Wallace's most controversial collection of short stories has been accused since its inception of being misogynistic or self-indulgent—a charge that has only gotten more severe as a result of recent indications about Wallace's own treatment of women. The chapter argues, through one of the few readings that accounts for how the collection of stories work together, that misunderstandings of the book rest on a failure to appreciate its strategy of therapeutic "aggravation." The book seeks to exhaust the reader with its characters' various justifications for their misogyny and self-indulgence—which is what truly marks them, rather than their (fairly common) misogynistic behavior, as "hideous." The collection is philosophical in the sense that it exposes hideousness as the function of a certain way of speaking and therefore of a certain form of life.

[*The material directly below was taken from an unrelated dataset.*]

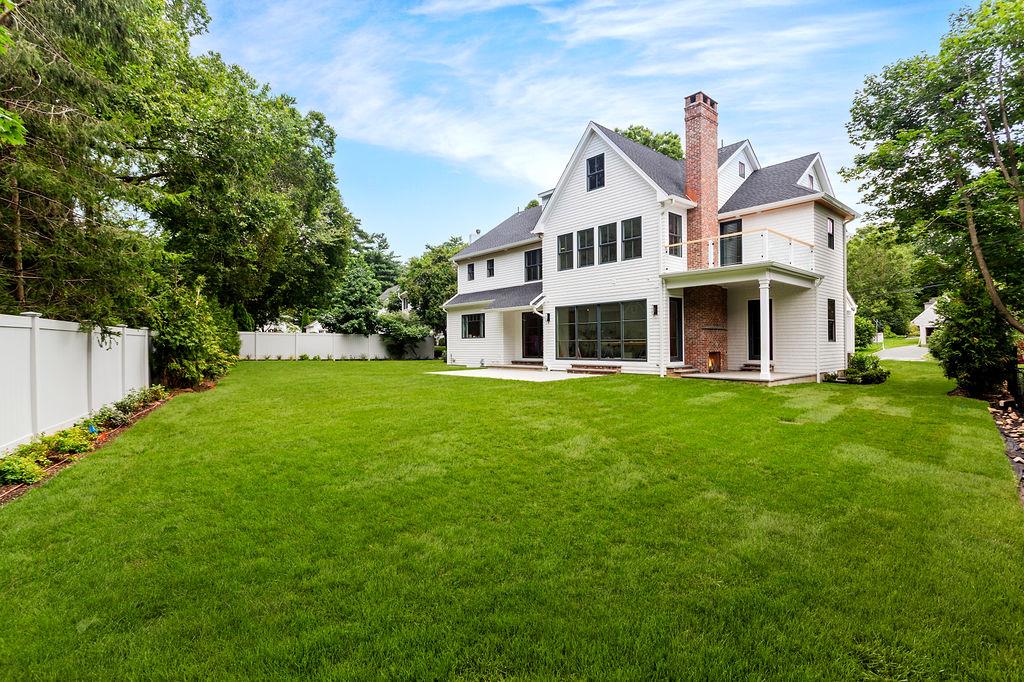 6 Dorchester Lane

This chapter interprets Wallace's final, unfinished novel, The Pale King, as a dialogue between two forms of philosophical procedure: Wittgenstein's therapeutic philosophy and Stanley Cavell's perfectionism. The book represents a new stage in Wallace's project insofar as it endeavors to go beyond negative therapy to positive inspiration. Wallace is on shakier ground here, and perhaps his attempt to portray "maturity" positively in fiction was responsible for his difficulty finishing the book. It is also indicative of a moralism that he mostly holds at bay in his earlier writing. Still, detractors who point to the novel as like "self-help" reinforce the hard distinction between philosophy and self-help or therapy that Wallace takes aim at throughout his fiction. If aspects of The Pale King can be usefully compared to self-help or "books of affirmations," the novel also seeks to demonstrate why its readers are in need of such help.

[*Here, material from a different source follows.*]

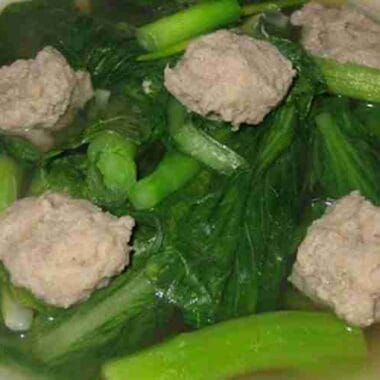 Chinese Green Soup with Meatballs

This chapter explains why Wallace's fiction was a promising candidate for the philosophically therapeutic approach, while also drawing a distinction between art that has a philosophical ambition and art that wants something else. This "something else"—or, as Hamlet calls it, "more"—that art does is the reason that Plato had banished artists from his Republic. Cavell's perfectionism was an attempt to show that Plato had been wrong and that philosophy and art can be united in a common project. But Cavell's reading of Hamlet unwittingly shows the limitations of this commonality. The chapter thus seeks both to state the ultimate aspiration of the therapeutic project and to show where and how its boundaries lie. Not all differences between art and philosophy can or should be bridged.